Legend by Marie Lu
Series: Legend (Book #1)
Publisher: Putnam Juvenile
Release date: 29th November 2011
Read: 31st January 2014
Tagged under: 2014 read, 2014 favourites, dystopian, YA-fiction, 3
He is a Legend...
What was once the western United States is now home to the Republic, a nation perpetually at war with its neighbors. Born into an elite family in one of the Republic's wealthiest districts, fifteen-year-old June is a prodigy being groomed for success in the Republic's highest military circles. Born into the slums, fifteen-year-old Day is the country's most wanted criminal. But his motives may not be as malicious as they seem
From very different worlds, June and Day have no reason to cross paths - until the day June's brother, Metias, is murdered and Day becomes the prime suspect. Caught in the ultimate game of cat and mouse, Day is in a race for his family's survival, while June seeks to avenge Metias's death. But in a shocking turn of events, the two uncover the truth of what has really brought them together, and the sinister lengths their country will go to keep its secrets.
Book Review [Spoiler Free]
Having freshly finished the Legend series just prior to this review, it's hard not to let my feelings and views of Prodigy and Champion cloud my thoughts of Legend, the first book in this dystopian trilogy written by Marie Lu. Which is why although I have tagged this book (and series) as one of my 2014 favourites, I still left the rating of this book at a 3, the original rating I gave when I first finished this book.
Legend follows the story of June, a fifteen-year-old prodigy of the Republic, as she embarks on a quest to avenge the murder of her older brother, Metias, who was killed during a routine night of patrolling. Her target is the infamous Day, the Republic's most wanted criminal. But as the two of them meet and get to know each other more, June is forced to question her goal and the actions of the country she has sworn to protect.
As far as dystopian novels go, this one is a solid start to the trilogy. It features a strong powerful heroine and an equally capable hero. Both are strong with almost inhuman strengths and powers that gives this book almost a tinge of fantasy. The world they reside in is fully dystopian (none of the half-formed societies that some lesser books try to pass off as dystopian) with plenty of mystery and intrigue as to its past. And despite the almost instant attraction between the pair, the fact that June and Day are pitted against each other right from the start gives their friendship/relationship an off-kilter tone right from the start.

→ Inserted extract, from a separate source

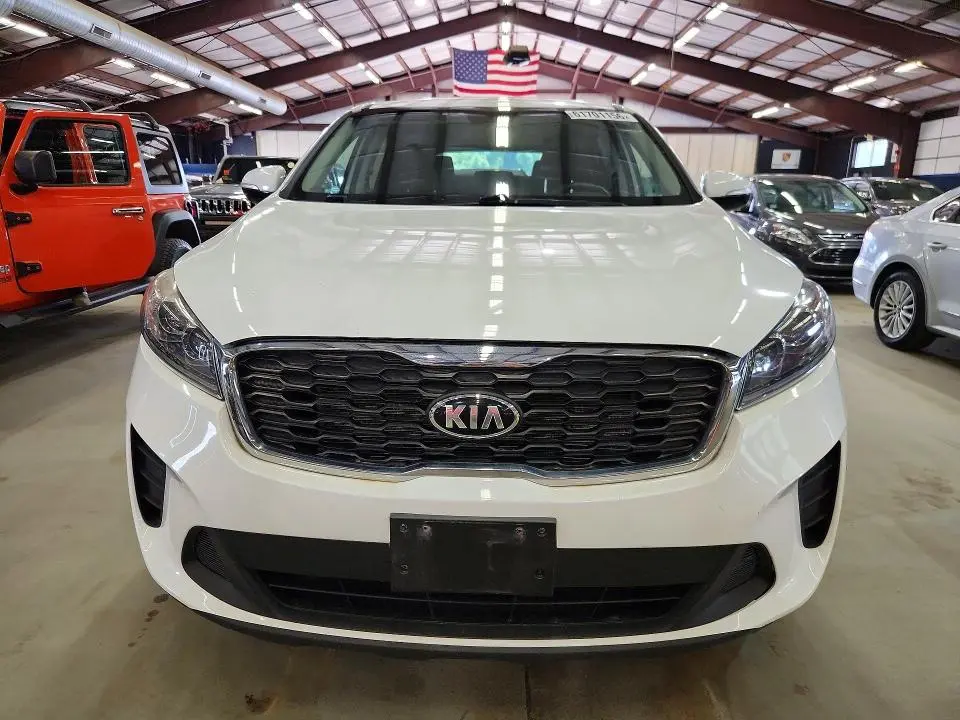 2019 KIA SORENTO LX V6  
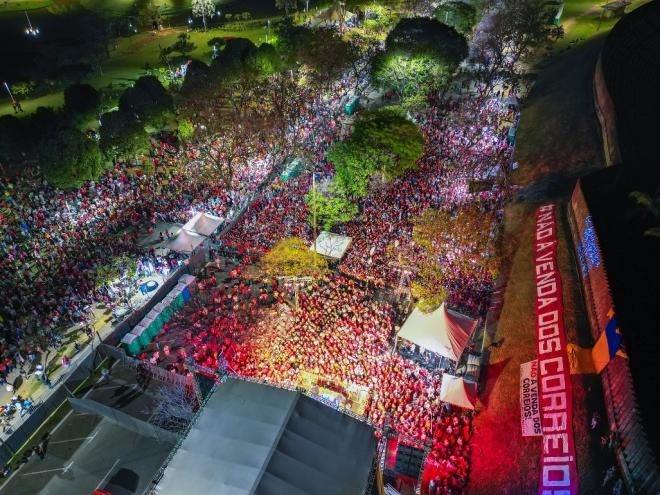 Apoiadores do ex-presidente Lula se reuniram no Parque Ipanema para assistirem ao comício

The story line alternates between June and Day, giving the reader perspectives on both the world of the elite and rich, as well as that of the streets. But soon, as the characters meet, their worlds collide and the story line merges to one. One of the strength of Lu's writing is the fact that even though Metias is relatively a small character, the reader nevertheless relates to June's grief over his passing and can understand the reasons behind her actions. Another small facet that I really enjoyed was both June and Day's ability to notice very small details with regards to their surroundings. Legend is most definitely a strong dystopian novel and stands above the throngs of dystopian works that have flooded the market.
But what prevented me from giving this book a higher rating is that I felt it just needed a bit more. As often is the case with trilogies, the author holds onto some trump cards for the later books. I felt that Marie Lu didn't reveal too much of the world building, leaving me with the sense that there is a bigger world out there but the story is isolated to just one city. There are also a lot of questions raised but never answered. While it was enjoyable, it didn't do enough to land on my favourites list on its own.
I definitely enjoyed this book and it left me wanting to continue the series. It may be a harsh rating for such a solid read but I just felt Legend just needed to give a bit more than what it had. However, I would still highly recommend this book (and the series) to fans of the dystopian genre.